A basketball trade secret that can help

Along with a billion other riveted viewers, it was with great interest that I watched Yao Ming ceremoniously open the first game versus the United States by zinging through a three-point shot. During a break from the game, the TV featured a brief documentary of how popular basketball has become in China and as a lifetime basketball aficionado, this also enthused me.


With the economic development of China, with thousands of new basketball courts in the land, I would like to make an observation from the viewpoint of aspiring school-ground players.


Every bouncing kid knows that when they come upon the court, if the net is torn or missing, this takes some of the wind out of their sails. With the great expenses of new courts, poles and baskets, the net is usually first to go bad. And with the nets gone, children will often go off to play a different sport.

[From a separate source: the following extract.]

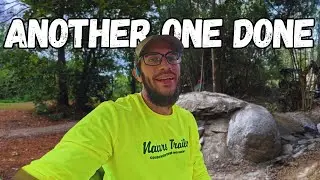 The Process of Finishing Lift & Tilt Trail | Learning About Building Trails | 30GJohn Deere & 302CAT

Nylon nets attached to heavily used basketball hoops often wear out within a few weeks. A way to remedy this is to soak the net in boiled linseed oil for a day and then let it dry out for another, before hanging it from the basket. Preparing a net in this way increases its life tenfold. Soaking a net in linseed oil sometimes shrivels it up a bit, requiring maintenance staff to shoot swishes for stretching it back out.


In this manner, the workers will have achieved what many amateur basketball players dream of, as they will then be receiving pay for shooting and making baskets.